Mas deveríamos também conseguir identificar problemas que nos acompanham e que generalizam pensamentos, criam percepções erradas.  Deveríamos saber que 128 anos de abolição não são o suficiente para eliminar uma cultura de mais de dois séculos que não foi morta com a Lei Áurea. Deveríamos saber que as pessoas são pecadoras desde que nascem, mas que também são frutos do seu meio de diversos modos. Deveríamos saber que as palavras machucam, a cultura nos condiciona a pensar de certa maneira e que só o sangue de Cristo pode nos modificar e tirar nossas vendas para que possamos enxergar o outro.

Esse texto gigante, contando minha história, tem como objetivo desmistificar a ideia de que é fácil superar coisas que nos são ditas e repetidas na infância e de que racismo se resume a chamar um negro de "macaco". E se você acha que não tem nada a ver com isso, eu deixo com vocês uma citação de uma mulher que nós, adventistas, cremos ser inspirada por Deus, que foi escrita em outro contexto, mas na mesma realidade, e que pode nos apresentar um princípio que perdura:

"A lei de Deus contida nos Dez Mandamentos revela ao homem o seu dever de amar a Deus supremamente e ao próximo como a si mesmo. A nação americana tem uma dívida de amor à raça negra, e Deus ordenou que eles deveriam fazer a restituição pelo mal que fizeram no passado.
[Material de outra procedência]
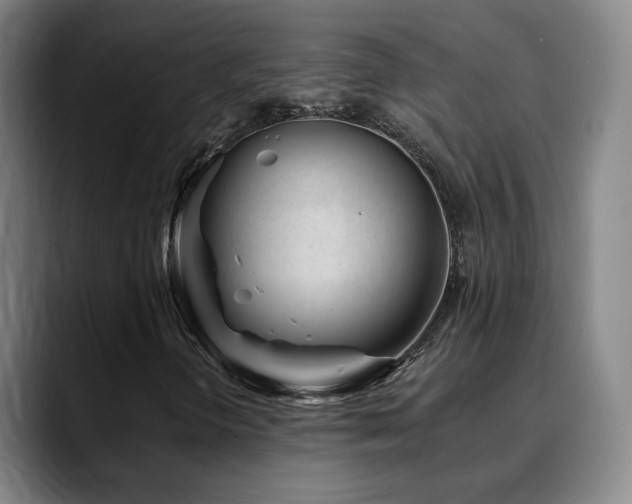 X0000090481298200707131308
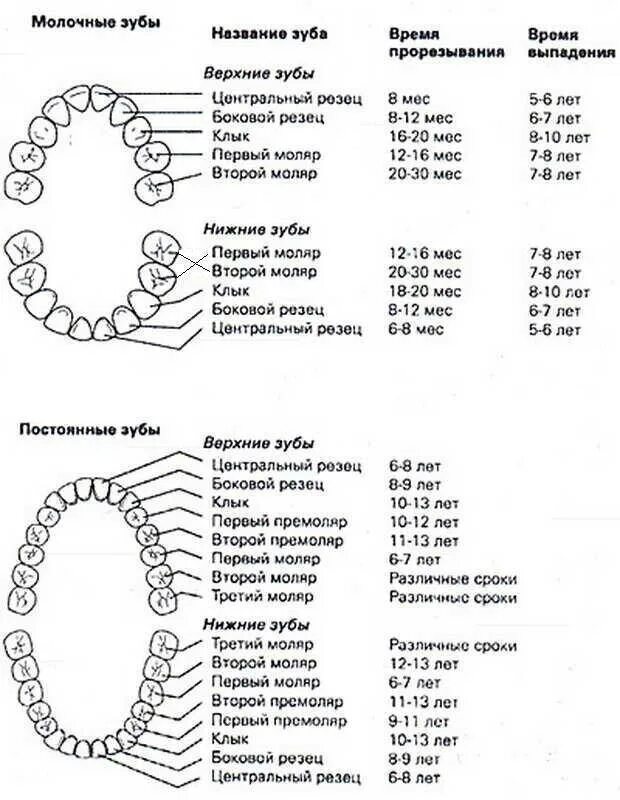 Зубы по возрасту таблица. Схема прорезывания коренных зубов. Порядок смены молочных зубов у детей на постоянные схема. Зубы у детей сроки прорезывания коренных. Коренные зубы у детей схема прорезывания.
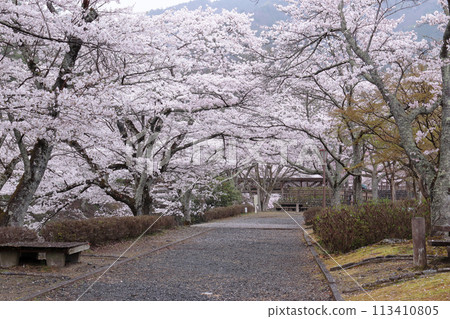 京都府龜岡市,七谷川蕨之道,櫻花樹盛開 京都府龜岡市,七谷川蕨之道,櫻花樹盛開 113410805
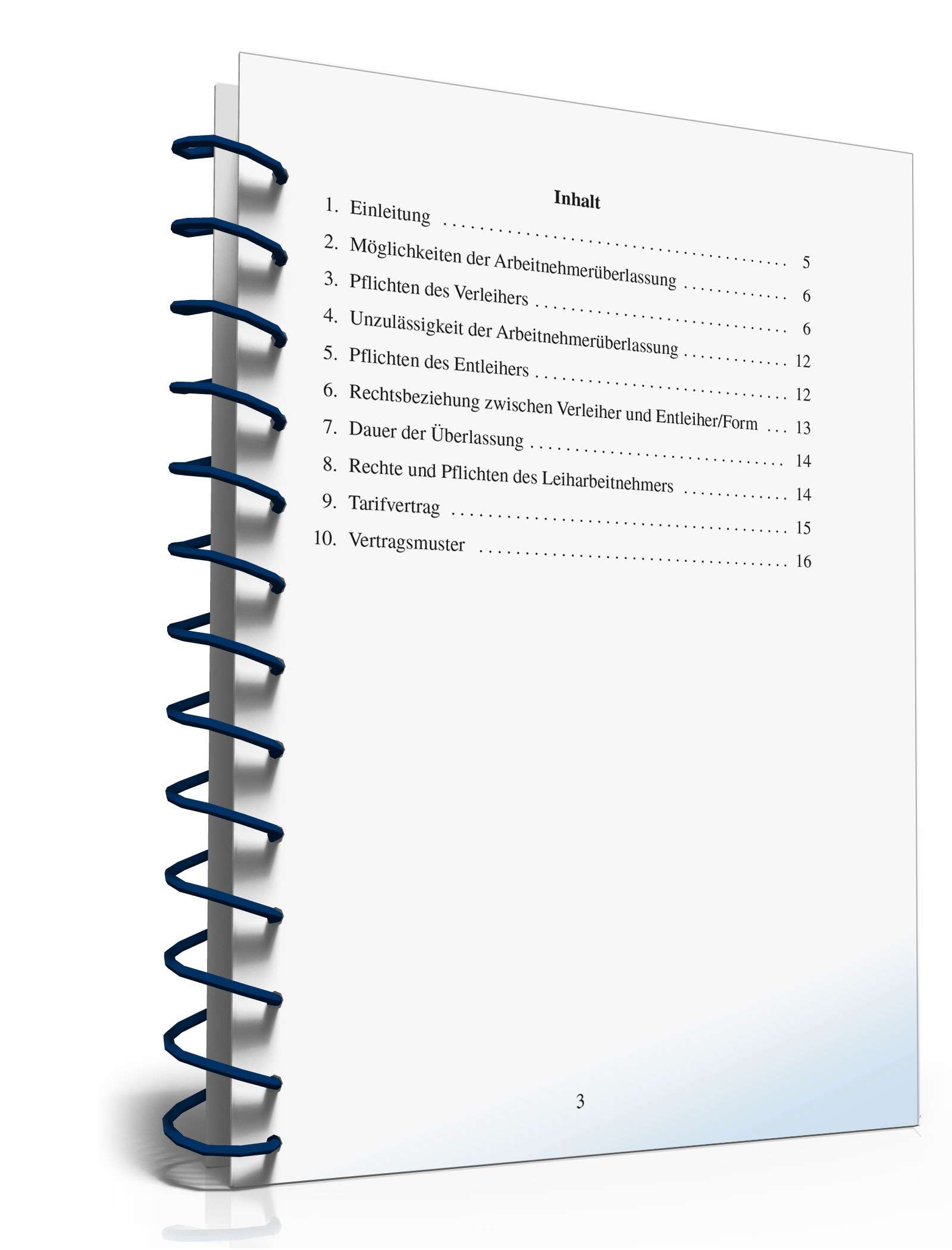 Abschluss Zeitarbeitsvertrag  PDF. Seite: 3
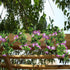 GTIDEA Artificial Vines, 2pcs 15Feet Morning Glory Hanging Plants Silk Garland Fake Green Plant Home Garden Wall Fence Stairway Outdoor Wedding Ha...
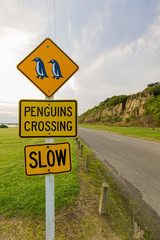 Penguins Crossing Schild Slow in Neuseeland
Aqueles que não tomaram parte ativa na aplicação da escravidão sobre as pessoas de cor não estão isentos da responsabilidade de fazer esforços especiais para remover, tanto quanto possível, os resultados desta escravidão." (Ellen G. White, The Southern Work, 54, tradução livre).

Eu até concordaria com o Morgan Freeman sobre o fato de que o racismo não acaba pois continuamos falando nele, até concordaria que não precisamos de um dia da Consciência Negra, se não existe um dia da Consciência Branca. Eu concordaria se eu ainda não visse e ouvisse coisas como as que narrei aqui. Eu concordaria se eu não soubesse que ainda existe gente que se acha inferior por ser negro e gente que acha negro inferior. Eu pararia de falar sobre isso e postar textos sobre isso se o assunto não continuasse aparecendo das formas mais desconcertantes e revoltantes ainda hoje. E se alguém duvida, procure notícias sobre a filha do Bruno Gagliasso e da Geovana Ewbank e os comentários feitos sobre ela na internet, procure saber sobre a mulher que brigou com a outra na praia há algumas semanas por que "negro não precisa tomar sol", "praia não é lugar de negro", dê uma olhada em vídeos de experimentos sociais recentes sobre o assunto.
E se você ainda duvidar, apenas olhe ao seu redor, seja empático, tente entender as pessoas e se colocar no lugar delas. Tente medir as palavras, prestar atenção no que é dito e no que você diz. Tente refletir no que você acha de si mesmo ou dos outros. Tente enxergar a sociedade como um complexo composto de pessoas pecadoras, sofredoras. Tente olhar além das características físicas e ver o que se passa na mente, que é onde o preconceito começa. Tente amar o próximo como a ti mesmo.

E se pergunte: cantar "é por isso que você se parece comigo, por dentro e por fora" para o "irmão que está ao seu lado" na igreja, te ofende?